| REQUIRED WORK |
Pictures appear among the records below and must be omitted. Repeat exactly the lines from the line with "Female behind waking up Female" to the line with "Slide of Midtown", both included.

*** DATA

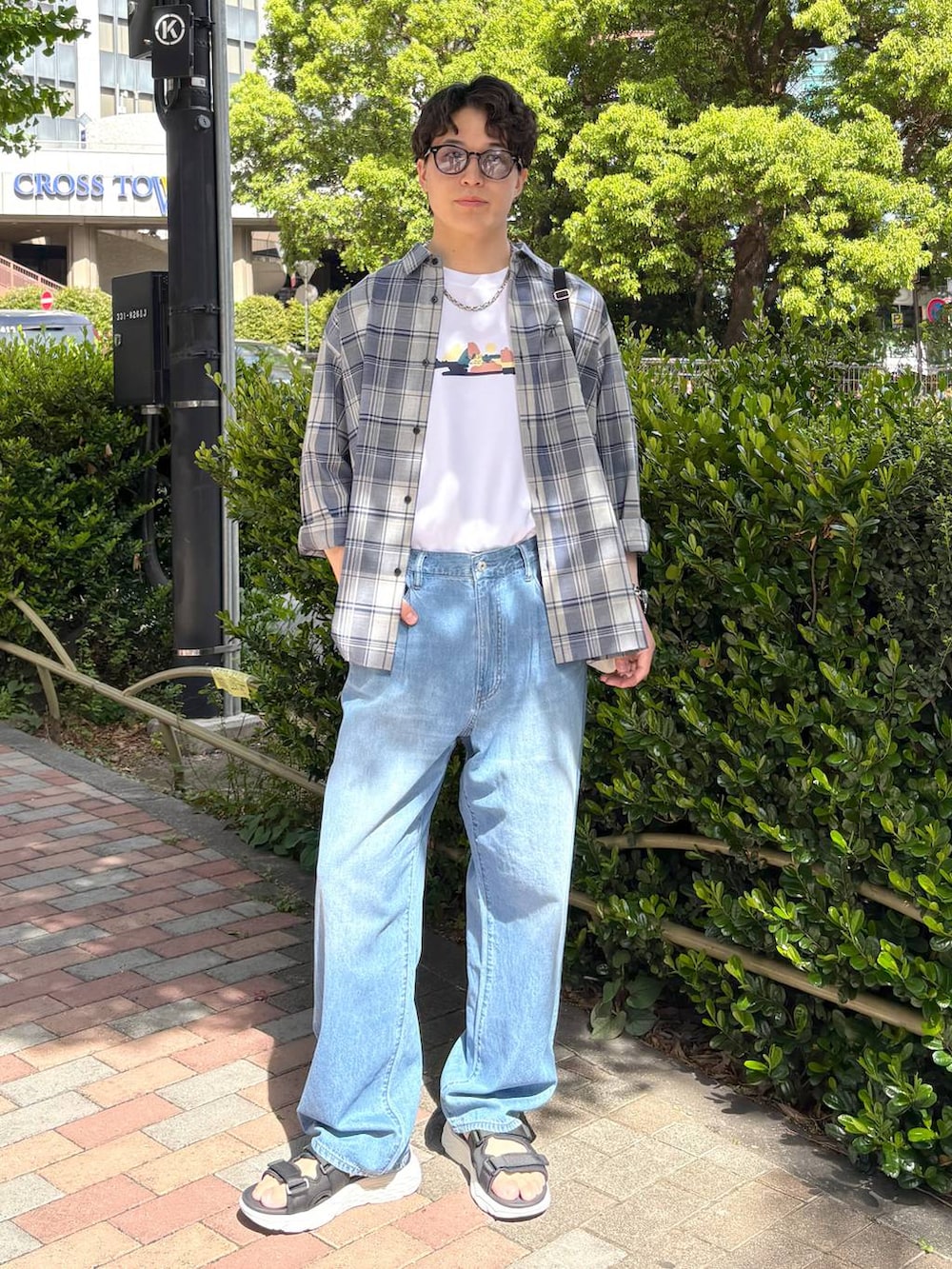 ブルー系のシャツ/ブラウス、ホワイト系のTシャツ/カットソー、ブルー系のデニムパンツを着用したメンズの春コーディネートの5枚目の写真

******
*** DATA

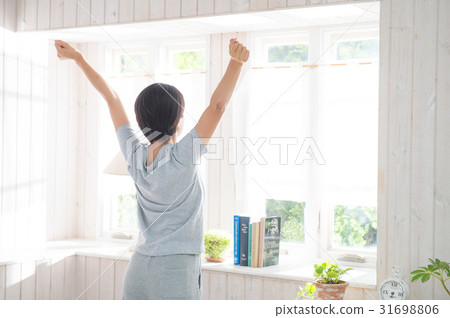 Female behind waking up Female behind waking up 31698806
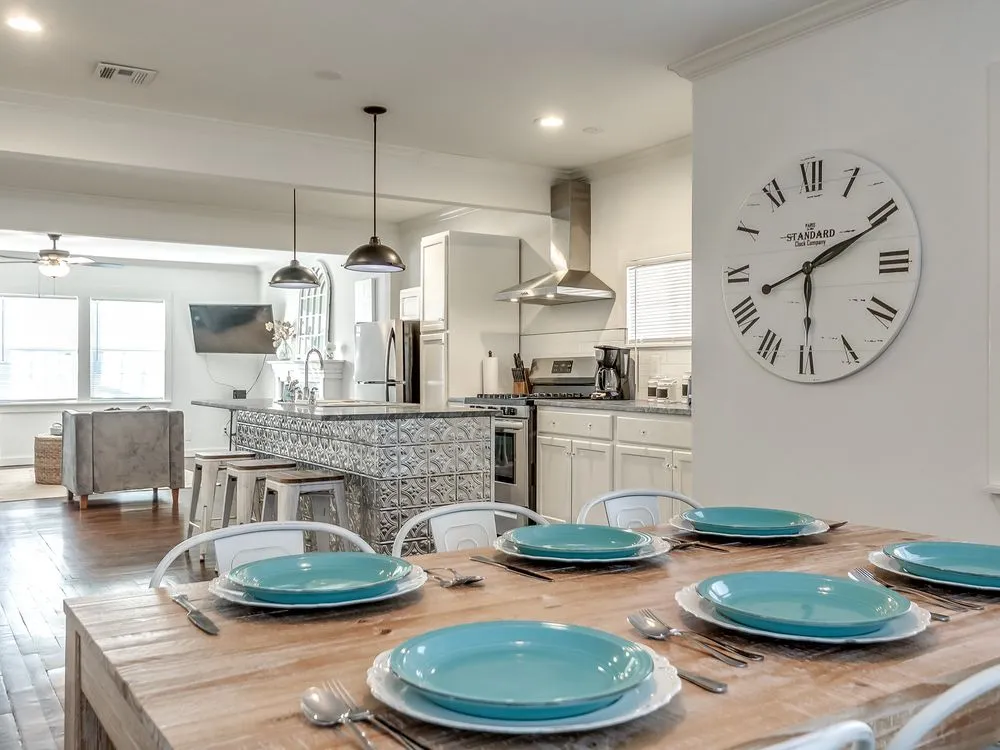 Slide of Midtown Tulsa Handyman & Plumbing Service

******

| RESULT FOR THIS EXERCISE |
 Female behind waking up Female behind waking up 31698806
 Slide of Midtown Tulsa Handyman & Plumbing Service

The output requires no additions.